Cette galerie virtuelle est consacrée aux khatchkars que nous avons photographiés au cours de notre périple, soit en Arménie, soit dans le Haut-Karabakh. Non pas que nous voulons partir en croisade ! Loin de nous cette intention, nous qui revendiquons fermement notre laïcité et notre neutralité. Non pas seulement parce que ces pierres sculptées sont spécifiques à l’Arménie et qu’elles portent sur elles les emblèmes incrustés de l’imaginaire culturel et religieux de ce pays. Non pas totalement non plus parce que ce sont de remarquables œuvres d’art, retenues en 2010 par l’Unesco sur la Liste représentative du patrimoine culturel immatériel de l’humanité pour le symbolisme et le savoir-faire qu’elles représentent. Mais surtout, parce que ces « pierres à croix » sont l’émanation d’un puissant syncrétisme, la preuve que, dans le domaine culturel, la circulation, les échanges, les sédimentations, les interpénétrations amènent à des créations fécondes, à l’expression de singularités originales, offrant un nouvel écrin aux éléments empruntés tout en leur assurant une destinée nouvelle. Ceci mérite d’être souligné, surtout à une époque où beaucoup se réfugient derrière leurs frontières et gardent jalousement leurs traits et expressions culturels quitte à détruire ceux des autres.
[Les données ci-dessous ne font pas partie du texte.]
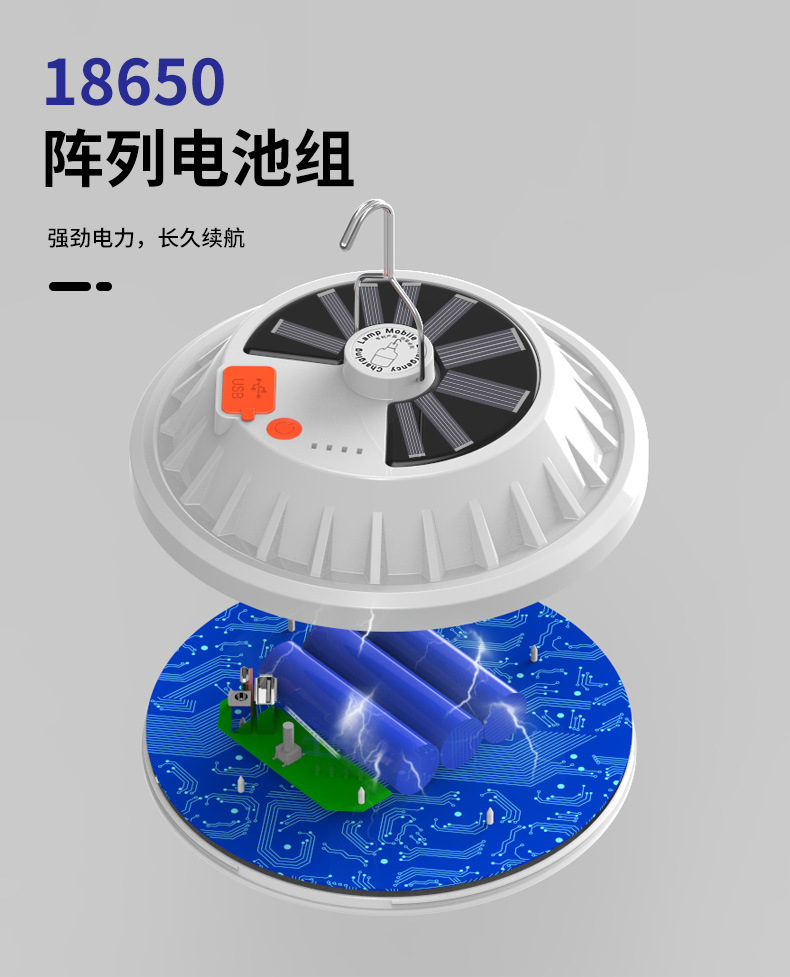 Solar-charged LED flying saucer lights, household power outage emergency bulbs, outdoor camping lights, night market stall lights pic 10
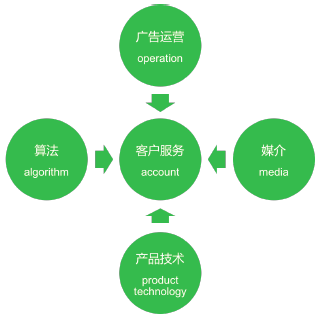 最新广告媒介详解，一步步掌握广告技能的核心知识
Les chocs politiques et religieux ne définissent pas les périodes et les monuments de l’histoire de l’art : dans ce domaine le voisinage compte plus que l’inimitié. [2]Henri Focillon, préfacier de l’ouvrage Etudes sur l’art médiéval en Géorgie et en Arménie, Librairie Ernest Leroux, 1929.
Qu’ont-ils de si particulier ces khatchkars pour être retenus comme des œuvres emblématiques ? Au premier abord, ils se présentent comme des pierres sculptées en bas-relief du symbole de la croix. Parfois, on les trouve directement taillés sur le flanc des montagnes. Il peut aussi s’agir de simples moellons insérés dans la maçonnerie des bâtiments ou de modestes croix gravées par les pèlerins. Mais dans une imposante majorité, ils prennent la forme de stèles funéraires cintrées pour les plus anciennes, ensuite rectangulaires, de taille moyenne ou monumentale. Des stèles ? Mais les Arméniens n’ont pas inventé les stèles. Celles-ci, héritières des mégalithes de la préhistoire, couvrent la planète : au Proche-Orient, en Egypte, en Phénicie, en Chine, en Europe…, au plus loin que nous pouvons remonter dans l’histoire, nous trouvons des stèles. Des stèles marquées par des signes religieux ? Retournons en Mésopotamie, en Egypte, … et même à Xi’an pour visiter la forêt des stèles bouddhistes ou découvrir sa stèle nestorienne. Des stèles sculptées de croix ? Elles couvrent tout le territoire de la chrétienté.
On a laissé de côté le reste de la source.